**Brief**
From the entries below, return only the lines starting at the one that contains "Labor Becker (Memmingen) map" and ending at the one that contains "Stivali per bambina", exactly as they stand.

**Supplied material**
::::

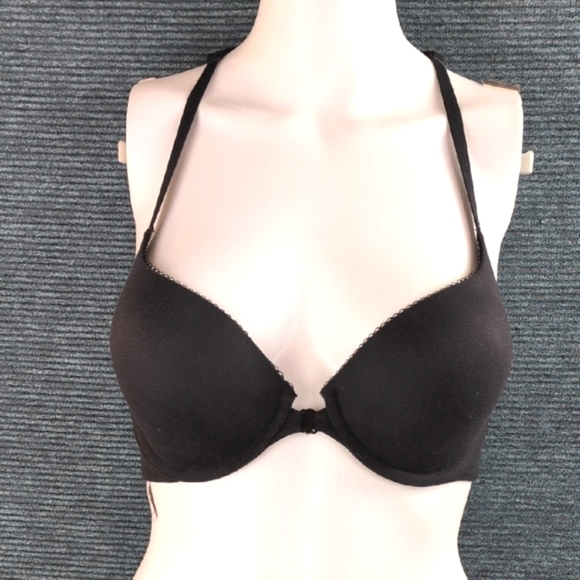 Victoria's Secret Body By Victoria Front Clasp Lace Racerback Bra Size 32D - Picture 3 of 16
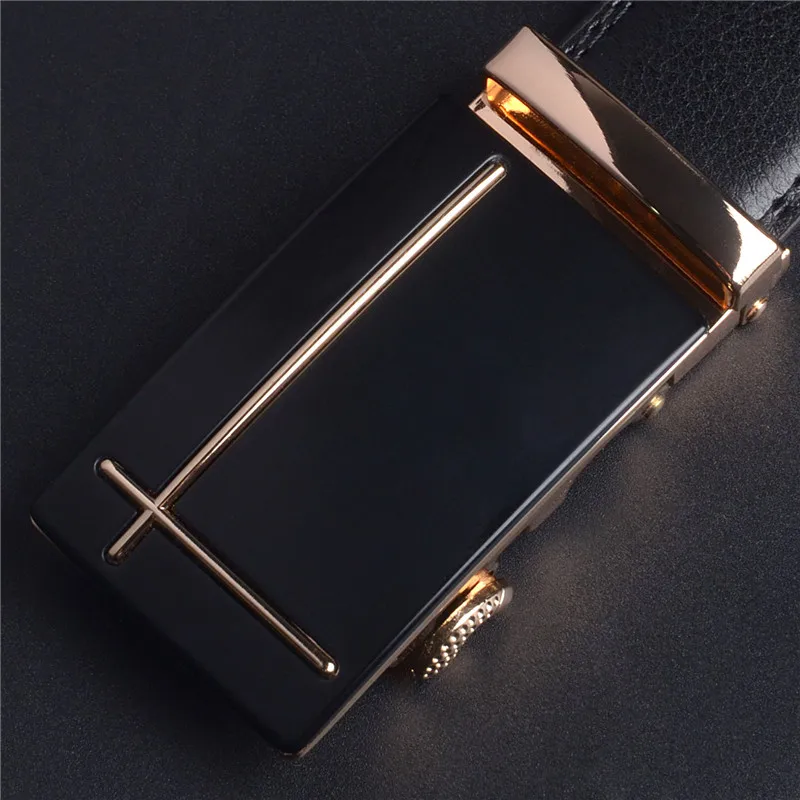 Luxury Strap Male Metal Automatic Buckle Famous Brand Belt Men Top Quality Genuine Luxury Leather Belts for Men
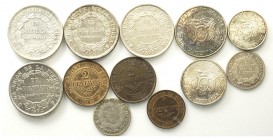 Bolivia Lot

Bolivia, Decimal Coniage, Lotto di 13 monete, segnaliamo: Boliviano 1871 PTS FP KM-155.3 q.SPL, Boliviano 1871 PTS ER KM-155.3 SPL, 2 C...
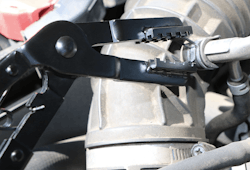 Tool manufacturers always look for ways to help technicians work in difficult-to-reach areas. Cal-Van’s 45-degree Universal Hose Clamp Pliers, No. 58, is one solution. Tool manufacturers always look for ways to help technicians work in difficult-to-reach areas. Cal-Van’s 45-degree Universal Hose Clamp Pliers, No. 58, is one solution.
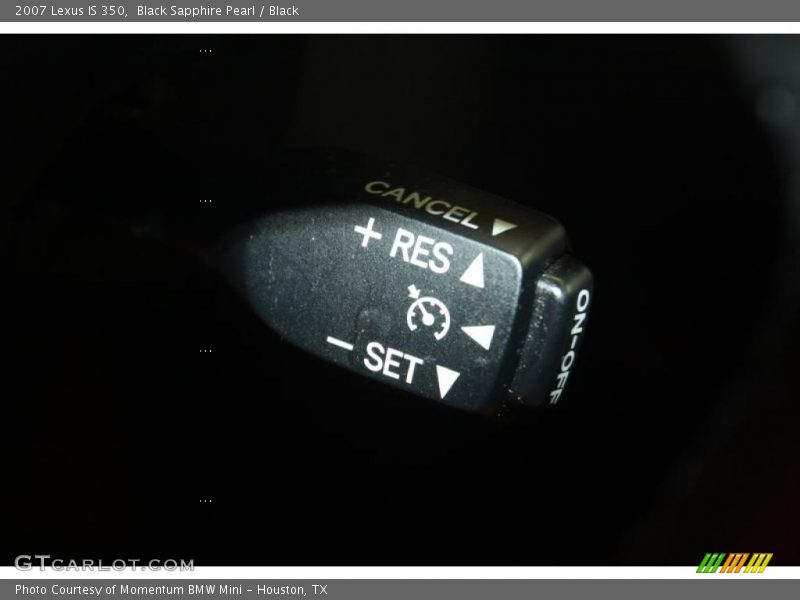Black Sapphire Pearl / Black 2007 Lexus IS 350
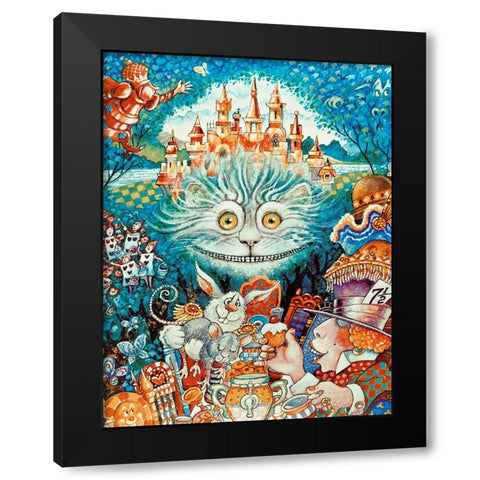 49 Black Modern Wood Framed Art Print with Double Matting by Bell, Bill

::::

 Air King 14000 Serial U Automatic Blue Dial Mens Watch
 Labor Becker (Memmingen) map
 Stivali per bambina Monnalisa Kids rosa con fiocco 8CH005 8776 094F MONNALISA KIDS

::::

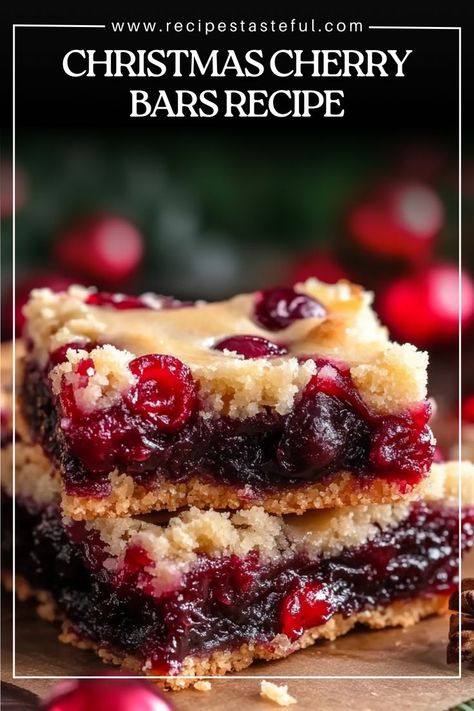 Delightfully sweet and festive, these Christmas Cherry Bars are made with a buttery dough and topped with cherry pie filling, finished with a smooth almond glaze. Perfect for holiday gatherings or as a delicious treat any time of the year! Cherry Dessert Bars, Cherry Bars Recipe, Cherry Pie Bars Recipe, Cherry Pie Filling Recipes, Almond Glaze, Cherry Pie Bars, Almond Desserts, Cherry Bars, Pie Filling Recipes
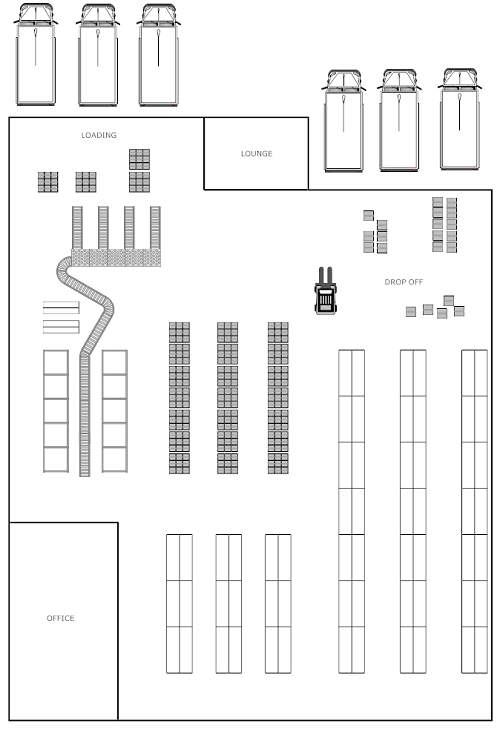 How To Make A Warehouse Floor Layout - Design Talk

::::

**Worked solution**
 Labor Becker (Memmingen) map
 Stivali per bambina Monnalisa Kids rosa con fiocco 8CH005 8776 094F MONNALISA KIDS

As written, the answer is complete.